The Blackest Of Swans

Black Swans are a term invented by a writer and stockbroker called Nassim Nicholas Taleb. They are events that nobody had been expecting or thinking about — but which suddenly overwhelm the market.

They’re so-called because only a very few swans are black. In fact, the first black swan was discovered in 1697 in Western Australia. Before that, Europeans and Americans thought that all swans were white.

Taleb postulates that there are more Black Swan events than we think, in other words, that the unexpected is not all that unlikely to happen. I would agree — and I would argue that this is because markets are not Gaussian and random walk. They have both hidden correlations, which you can handle with fuzzy logic… and fat tails, which you can handle with a Cauchy distribution.

Is Bitcoin a Black Swan? I emphatically answer in the affirmative! Here’s why…

Black Swans or non-randomness is why Wall Street’s risk management models don’t work. And we saw in 2008, and we saw again with the London trade in 2012: The big Wall Street institutions relying on their models can often have huge unexpected losses simply because the models stop working when some Black Swan event happens.

David Viniar, who was Chief Financial Officer of Goldman in August 2007, said that just as the crisis was emerging, “We are seeing 25 standard deviation events one day after another.” Well, the reality is that if the market is anything like Gaussian, you should see less than one of the 25 standard deviation days in the history of the universe. Therefore, that proves pretty well that the market is not Gaussian and life is more complex than simple market models think.

The real cause of Black Swans is herd behavior by traders and others such as Central Banks not seeing possibilities that are perfectly obvious to an outside observer — and therefore doing foolish things. The housing meltdown of 2007-2008 is perfect example of that. Everybody went on making risky home mortgage loans long after they should have done.

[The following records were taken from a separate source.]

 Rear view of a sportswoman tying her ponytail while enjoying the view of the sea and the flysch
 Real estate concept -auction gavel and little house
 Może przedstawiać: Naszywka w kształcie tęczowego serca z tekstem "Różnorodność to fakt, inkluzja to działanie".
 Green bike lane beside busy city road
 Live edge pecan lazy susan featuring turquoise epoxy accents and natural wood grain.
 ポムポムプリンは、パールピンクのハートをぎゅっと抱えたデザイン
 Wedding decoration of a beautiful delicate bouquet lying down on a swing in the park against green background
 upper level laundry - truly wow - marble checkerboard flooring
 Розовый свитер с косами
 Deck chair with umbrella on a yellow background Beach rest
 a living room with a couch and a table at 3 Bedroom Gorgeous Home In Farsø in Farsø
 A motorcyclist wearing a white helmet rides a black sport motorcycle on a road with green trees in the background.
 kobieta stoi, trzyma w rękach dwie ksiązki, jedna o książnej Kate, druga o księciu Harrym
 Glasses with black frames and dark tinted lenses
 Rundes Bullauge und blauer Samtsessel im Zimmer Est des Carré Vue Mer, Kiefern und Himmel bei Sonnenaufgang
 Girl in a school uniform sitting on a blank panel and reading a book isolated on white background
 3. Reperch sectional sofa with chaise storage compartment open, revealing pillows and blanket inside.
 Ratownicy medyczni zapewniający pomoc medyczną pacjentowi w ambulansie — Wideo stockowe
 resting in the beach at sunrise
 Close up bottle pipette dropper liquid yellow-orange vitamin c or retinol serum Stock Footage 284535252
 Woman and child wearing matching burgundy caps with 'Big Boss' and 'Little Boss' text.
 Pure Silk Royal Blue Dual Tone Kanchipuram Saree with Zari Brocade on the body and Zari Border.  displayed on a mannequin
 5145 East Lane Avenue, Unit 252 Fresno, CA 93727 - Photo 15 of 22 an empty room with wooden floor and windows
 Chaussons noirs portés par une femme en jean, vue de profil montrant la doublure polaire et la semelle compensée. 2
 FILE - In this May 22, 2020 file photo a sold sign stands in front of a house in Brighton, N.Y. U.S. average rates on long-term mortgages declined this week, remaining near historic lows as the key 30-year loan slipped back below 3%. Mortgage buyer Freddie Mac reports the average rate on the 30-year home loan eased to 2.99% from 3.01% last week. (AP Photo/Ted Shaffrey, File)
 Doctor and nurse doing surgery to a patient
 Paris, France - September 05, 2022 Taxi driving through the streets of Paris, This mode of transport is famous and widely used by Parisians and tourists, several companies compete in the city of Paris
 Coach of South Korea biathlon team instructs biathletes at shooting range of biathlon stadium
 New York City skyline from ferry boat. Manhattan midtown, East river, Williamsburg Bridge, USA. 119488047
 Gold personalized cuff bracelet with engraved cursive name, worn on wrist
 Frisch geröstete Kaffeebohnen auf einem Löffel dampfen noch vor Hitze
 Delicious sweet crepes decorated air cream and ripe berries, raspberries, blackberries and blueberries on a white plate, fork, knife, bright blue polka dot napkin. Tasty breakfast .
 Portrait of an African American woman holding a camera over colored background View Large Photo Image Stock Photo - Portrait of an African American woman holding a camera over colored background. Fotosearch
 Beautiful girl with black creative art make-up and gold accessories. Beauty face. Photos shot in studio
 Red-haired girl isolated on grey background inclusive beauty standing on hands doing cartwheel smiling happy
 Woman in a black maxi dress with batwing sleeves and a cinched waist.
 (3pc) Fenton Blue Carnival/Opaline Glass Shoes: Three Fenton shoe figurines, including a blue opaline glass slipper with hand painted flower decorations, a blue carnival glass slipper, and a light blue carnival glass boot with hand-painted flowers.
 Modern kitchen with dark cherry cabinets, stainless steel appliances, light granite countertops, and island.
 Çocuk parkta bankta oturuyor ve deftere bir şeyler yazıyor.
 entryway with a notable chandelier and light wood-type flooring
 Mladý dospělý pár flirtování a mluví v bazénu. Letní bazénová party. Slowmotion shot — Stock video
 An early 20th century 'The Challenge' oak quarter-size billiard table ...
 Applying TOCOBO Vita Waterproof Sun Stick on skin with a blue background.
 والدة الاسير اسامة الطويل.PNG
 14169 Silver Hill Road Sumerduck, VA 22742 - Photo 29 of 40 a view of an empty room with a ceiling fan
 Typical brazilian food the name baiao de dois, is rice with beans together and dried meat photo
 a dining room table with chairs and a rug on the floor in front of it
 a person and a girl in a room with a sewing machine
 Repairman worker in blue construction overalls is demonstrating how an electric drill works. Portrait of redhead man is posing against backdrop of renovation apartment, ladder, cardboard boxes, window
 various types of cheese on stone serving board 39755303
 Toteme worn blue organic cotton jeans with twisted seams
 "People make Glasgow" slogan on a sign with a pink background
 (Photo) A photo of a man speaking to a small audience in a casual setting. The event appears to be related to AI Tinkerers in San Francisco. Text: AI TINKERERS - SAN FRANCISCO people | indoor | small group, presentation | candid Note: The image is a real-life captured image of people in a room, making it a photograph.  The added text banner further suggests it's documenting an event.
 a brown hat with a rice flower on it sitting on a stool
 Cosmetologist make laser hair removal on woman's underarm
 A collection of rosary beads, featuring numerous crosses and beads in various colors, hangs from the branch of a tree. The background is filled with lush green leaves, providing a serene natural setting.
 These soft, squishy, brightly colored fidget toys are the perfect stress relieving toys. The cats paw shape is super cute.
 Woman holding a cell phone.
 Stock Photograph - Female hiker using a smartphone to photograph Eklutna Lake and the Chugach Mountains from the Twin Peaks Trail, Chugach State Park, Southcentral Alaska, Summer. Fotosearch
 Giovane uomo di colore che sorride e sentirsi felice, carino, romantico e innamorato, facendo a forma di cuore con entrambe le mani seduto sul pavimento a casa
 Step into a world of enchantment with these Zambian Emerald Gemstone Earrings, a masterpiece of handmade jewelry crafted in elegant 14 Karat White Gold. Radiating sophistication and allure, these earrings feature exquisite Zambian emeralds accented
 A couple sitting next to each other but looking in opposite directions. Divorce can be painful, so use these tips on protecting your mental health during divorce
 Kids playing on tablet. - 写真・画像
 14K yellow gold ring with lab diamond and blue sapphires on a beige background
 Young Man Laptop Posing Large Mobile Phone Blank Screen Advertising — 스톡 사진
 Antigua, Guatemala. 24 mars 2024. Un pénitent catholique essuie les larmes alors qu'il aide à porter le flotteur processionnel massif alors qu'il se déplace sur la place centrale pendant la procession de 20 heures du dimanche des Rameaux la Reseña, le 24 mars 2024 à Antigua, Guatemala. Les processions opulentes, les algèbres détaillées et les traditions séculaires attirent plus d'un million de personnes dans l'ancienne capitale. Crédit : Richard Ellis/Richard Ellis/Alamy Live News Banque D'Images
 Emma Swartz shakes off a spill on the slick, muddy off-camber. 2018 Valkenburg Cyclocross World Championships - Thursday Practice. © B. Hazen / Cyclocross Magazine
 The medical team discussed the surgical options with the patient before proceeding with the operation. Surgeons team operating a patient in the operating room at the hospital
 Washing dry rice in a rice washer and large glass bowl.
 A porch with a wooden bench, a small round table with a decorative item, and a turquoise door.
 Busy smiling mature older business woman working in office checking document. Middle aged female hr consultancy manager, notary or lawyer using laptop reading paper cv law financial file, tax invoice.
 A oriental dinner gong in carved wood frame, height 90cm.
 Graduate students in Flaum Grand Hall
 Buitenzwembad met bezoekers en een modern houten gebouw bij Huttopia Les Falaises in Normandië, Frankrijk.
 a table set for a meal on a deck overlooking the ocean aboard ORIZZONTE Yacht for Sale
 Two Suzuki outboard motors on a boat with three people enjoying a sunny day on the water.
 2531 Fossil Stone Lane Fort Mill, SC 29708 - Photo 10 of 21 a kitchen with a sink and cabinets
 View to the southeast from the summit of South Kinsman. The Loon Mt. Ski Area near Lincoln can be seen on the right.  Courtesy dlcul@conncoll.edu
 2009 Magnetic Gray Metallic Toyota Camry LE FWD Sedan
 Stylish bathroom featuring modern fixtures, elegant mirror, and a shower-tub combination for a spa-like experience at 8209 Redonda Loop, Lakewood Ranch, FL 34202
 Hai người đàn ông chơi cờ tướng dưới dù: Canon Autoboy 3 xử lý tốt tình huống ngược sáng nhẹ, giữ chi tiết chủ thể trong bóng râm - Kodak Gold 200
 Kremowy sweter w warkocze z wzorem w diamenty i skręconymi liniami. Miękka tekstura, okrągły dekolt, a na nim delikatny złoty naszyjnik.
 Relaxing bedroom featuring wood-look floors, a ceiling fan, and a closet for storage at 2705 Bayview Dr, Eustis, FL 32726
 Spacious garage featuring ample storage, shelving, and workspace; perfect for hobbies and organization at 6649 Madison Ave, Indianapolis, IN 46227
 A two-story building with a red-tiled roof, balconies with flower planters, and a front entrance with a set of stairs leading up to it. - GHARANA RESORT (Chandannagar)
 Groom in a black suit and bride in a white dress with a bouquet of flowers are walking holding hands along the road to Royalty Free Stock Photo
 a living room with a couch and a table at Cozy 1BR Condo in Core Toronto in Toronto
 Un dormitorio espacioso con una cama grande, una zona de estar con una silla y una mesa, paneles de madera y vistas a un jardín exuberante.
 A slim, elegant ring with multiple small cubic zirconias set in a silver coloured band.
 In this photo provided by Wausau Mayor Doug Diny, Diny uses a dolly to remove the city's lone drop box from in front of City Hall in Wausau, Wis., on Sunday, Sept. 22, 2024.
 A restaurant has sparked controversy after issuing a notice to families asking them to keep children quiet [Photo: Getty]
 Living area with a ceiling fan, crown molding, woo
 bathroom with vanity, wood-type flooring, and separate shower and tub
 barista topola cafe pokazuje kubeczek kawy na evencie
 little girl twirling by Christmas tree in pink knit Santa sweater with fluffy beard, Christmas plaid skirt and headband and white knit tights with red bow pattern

Likewise, the London Whale trade of 2012 —a Black Swan behavior of a portfolio of credit defaults swaps. These are particularly subject to Black Swan behavior for various technical reasons. It lost JPMorgan $12 billion.

The New York Stock Exchange Black Monday stock market crash of 1987 — when the market dropped 21% in one day — was also a Black Swan. It was caused by programmed trading, which is a silly arbitrage strategy. One of the advantages of getting old is you remember examples that nobody else now remembers.

The bottom line is that with the extreme monetary policies for the last decade, zero interest rates or even negative interest rates, Black Swan events are now quite likely.

For the individual investor, there are two strategies.

Firstly, you should protect yourself with gold and long-dated out-of-the-money S&P 500 put options. The point of those options is if the market really crashes, you’ll make money on them and that will give you money to reinvest at the bottom.

Then second, obviously, see if you can spot a Black Swan coming. As a non-trader and a non-politician, this is where you have an advantage over the pros.

You’re not hearing conventional wisdom every day. If you think you’ve seen a Black Swan, invest only a small amount — leveraged as much as possible. For example, out-of-the-money, long-dated calls or puts.

As the movie, The Big Short showed, spotting a Black Swan could be painful. But it can also make you rich.